Rayburn was anxious to point out that the shifts in business from one CDN to another aren’t whims from the content providers, but the realisation that – in a market with low loyalty and huge risks for the content provider – a reflection that CDNs who don’t deliver create business problems for their content provider customers.

“What nobody seemed to want to write about is that Netflix was issuing credits to its customers for poor service. Investors get blinded by the information they get from these companies about growth, but no one wants to talk about what the customers are getting,” Rayburn says. “And if I’m a content provider, that is what’s important to me.”

The volatility in the CDN market, which has gone through two booms already inside a decade – coupled with the poor margins for pure-play CDNs in delivering video – might mean that the online video boom could be delivered increasingly by local service provider CDNs.




CDNs: from standalone to ISP

The traditional CDN model houses content off-net, but in geographically-dispersed servers. The benefits are improved performance for consumers and improved resilience in case of network problems. Long-established providers such as Akamai and Limelight partnered with content providers and have diversified to create a business that helps all types of websites run faster, more reliably and with better targeting for advertisements.

Global carriers have long been expected to create competition, but Level 3 is the only one which has created a dominant CDN business. Others, notably AT&T, have created their own on-net CDN offerings – but the large investment, small size of the market and low margins have slowed investment.

For the next generation of CDNs, especially those delivering video, it may be that ISPs and cable providers have a larger role. While they do not have global scale, they are able to offer more control over the quality of service to the consumer.




The value in value-added services

Whatever the threats to the profitability of their core business, diversification has protected the profitability and customer relationships of Akamai, Limelight and Level 3, which combine to serve at least two-thirds of the market.

Limelight has businesses in managed hosting, web development, interactive advertising, content management, DRM and e-commerce, as well as advertising: for example, in December 2009 it acquired Eyewonder for $110 million, which provides online campaign management. The businesses are complementary, not least because Eyewonder was previously paying CDN fees to Limelight.

Akamai was the first, and the most aggressive, diversifier. Today, for example, analyst Trefis estimates that online shopping content delivery accounts for around one third of its stock price – more than media content. Trefis adds that three out of four Akamai customers buy at least one value-added service, such as dynamic site acceleration or application performance.

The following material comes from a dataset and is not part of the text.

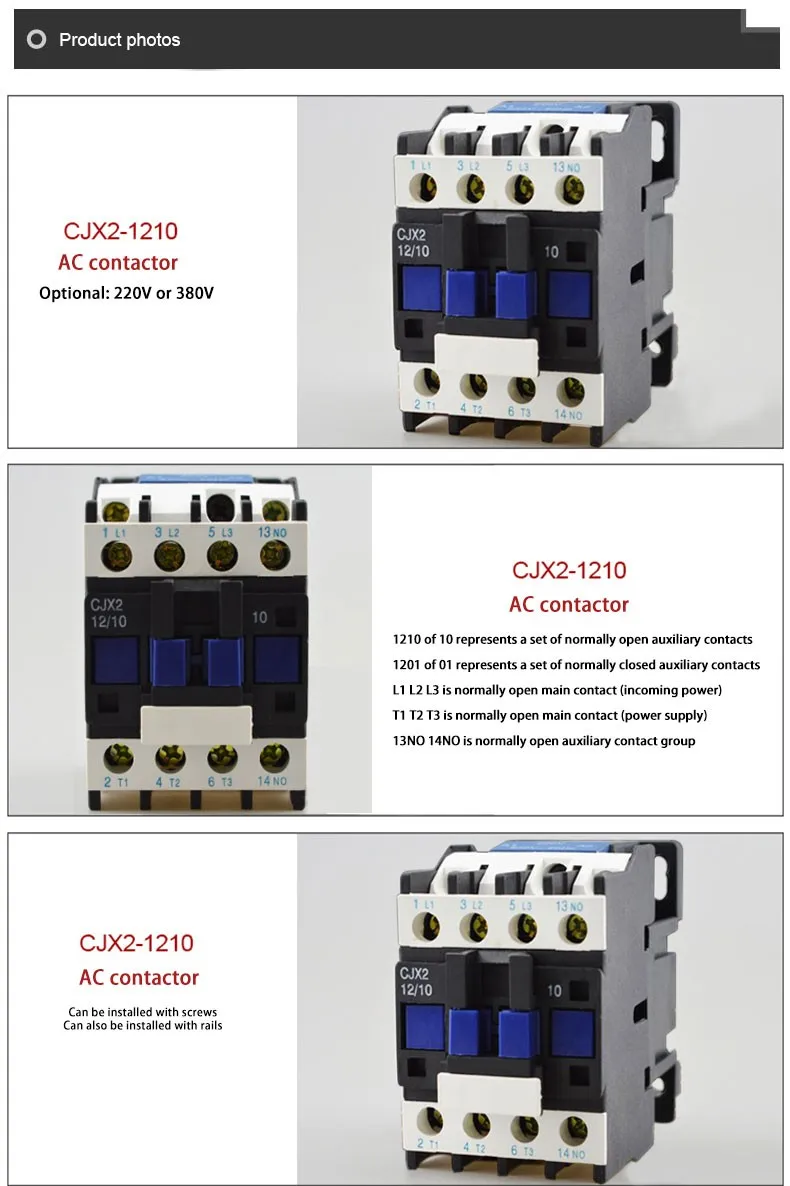 Jrx21210 Ac Contactor / 220v Coil Ac Contactor / Types Of Contactor Ac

In April 2010, EdgeCast Networks closed a $10 million financing from venture capital firm Menlo Ventures. It plans to use the funds to develop and launch value added services and expand its global network to meet surging customer demand. “Devices and content are coming online faster than ever,” said Alex Kazerani, CEO of EdgeCast, “and this investment will help us scale up to meet the demand that has surpassed even our most optimistic expectations.” EdgeCast won Capacity’s Best Market Innovation award in November 2009 in recognition of its successful global CDN and its agreements with Deutsche Telekom, Global Crossing and Dogan Telekom to offer partners an outsourced CDN solution.